È opinione comune tra docenti, precari, sindacati, associazioni e movimenti che la sequela di tagli sulla scuola non avrebbe avuto lo spazio adeguato tra i media: in più occasioni è stato detto che in qualsiasi altro settore lavorativo, pubblico o privato, il licenziamento di decine e decine di migliaia di lavoratori (quasi 150mila in tre anni) avrebbe comportato denunce a ripetizione, servizi televisivi e titoli a nove colonne. Con un sicuro conseguente sollevamento dell’opinione pubblica. La quale, invece, non è stata evidentemente informata in modo adeguato sulla portata della manovra finanziaria imposta dal ministro dell’Economia, Giulio Tremonti. Non si è andati mai oltre, in pratica, ai pur lodevoli “lampi” provocato dalla tenacia dei precari e dei sindacati più agguerriti.
Quale migliore occasione, allora, che dedicare il 1° maggio alla scuola? Che puntare i riflettori della Festa del Lavoro sul più grande licenziamento di massa degli ultimi decenni? La proposta è giunta il 19 aprile dal gruppo ‘Professione insegnante’, l’associazione dei docenti con fini anche sindacali, attraverso Libero Tassella, uno dei suoi iscritti più rappresentativi: “le organizzazioni sindacali“ farebbero bene e “dedicare questo primo maggio 2010 – ha spiegato Tassella – alla Scuola e alla dismissione scolastica voluta da Berlusconi e Tremonti“.

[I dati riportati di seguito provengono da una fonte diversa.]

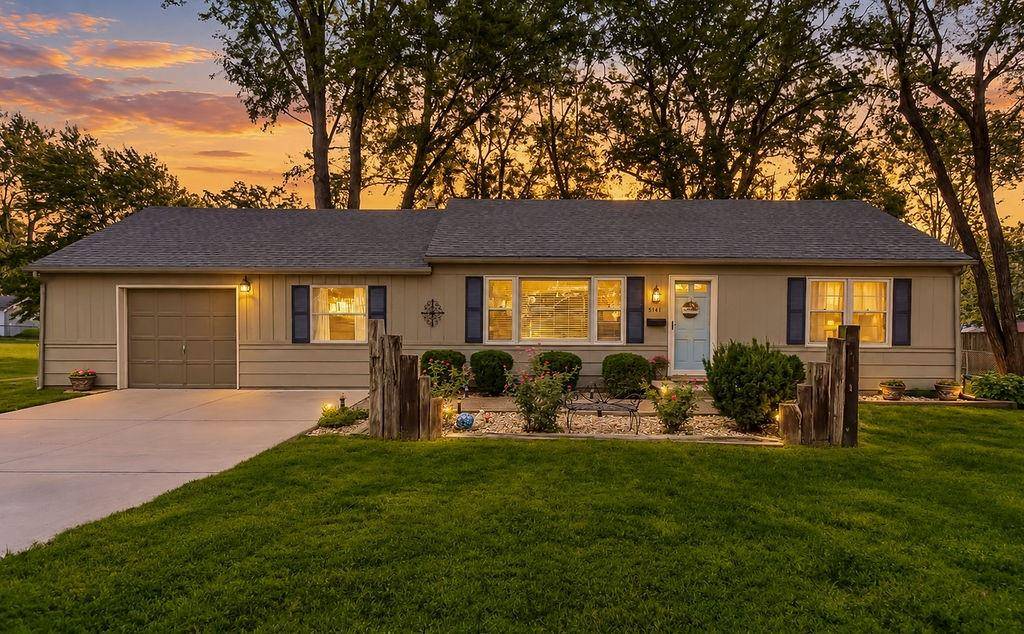 5141 Monrovia ST, Shawnee, KS 66216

Secondo l’esponente dell’associazione il vero problema è che la sparizione di quasi 150.000 posti in tre anni “creerà o meglio darà impulso a un importante e parallelo sistema d’istruzione non statale (paritario o privato che sia), che costituirà una grande occasione di affari e, non solo“. A tal proposito, Tassella mette in risalto come la revisione dei corsi serali farà riversare sempre più studenti verso gli istituti privati: i quali non garantiscono proprio la qualità di quelli pubblici. Si tratta di “una gloriosa istituzione pubblica, che aperta anche agli studenti stranieri”, che secondo il rappresentante si vuole “eliminare attraverso un dpr, ora in bozza“facendo “il gioco di quelle che sono le fabbriche dei diplomi senza frequenza, un mercato selvaggio, non controllato, una sorta di porto franco su cui garantisce certa politica“.

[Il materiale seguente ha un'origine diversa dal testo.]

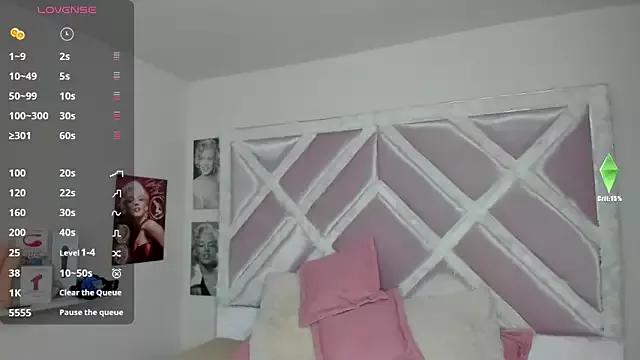 Diamondd_girll from StripChat is Freechat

Per il rappresentante dell’associazione scolastica il mondo dell’istruzione potrebbe ritrovarsi al centro di determinate “sinergie“, tese a “controllare politicamente il territorio con la vendita dei titoli di studio e la costruzione di reti di relazioni sociali e di consenso“ e a trasformarsi “all’occorrenza in splendide macchine elettorali per il magnate sponsor della scuola“. Ne consegue che “senza una forte opposizione politica, sindacale, civile, culturale, aliena da ogni compromesso – conclude Tassella – questo progetto cinicamente andrà avanti a marce forzate“. A meno che il 1° maggio…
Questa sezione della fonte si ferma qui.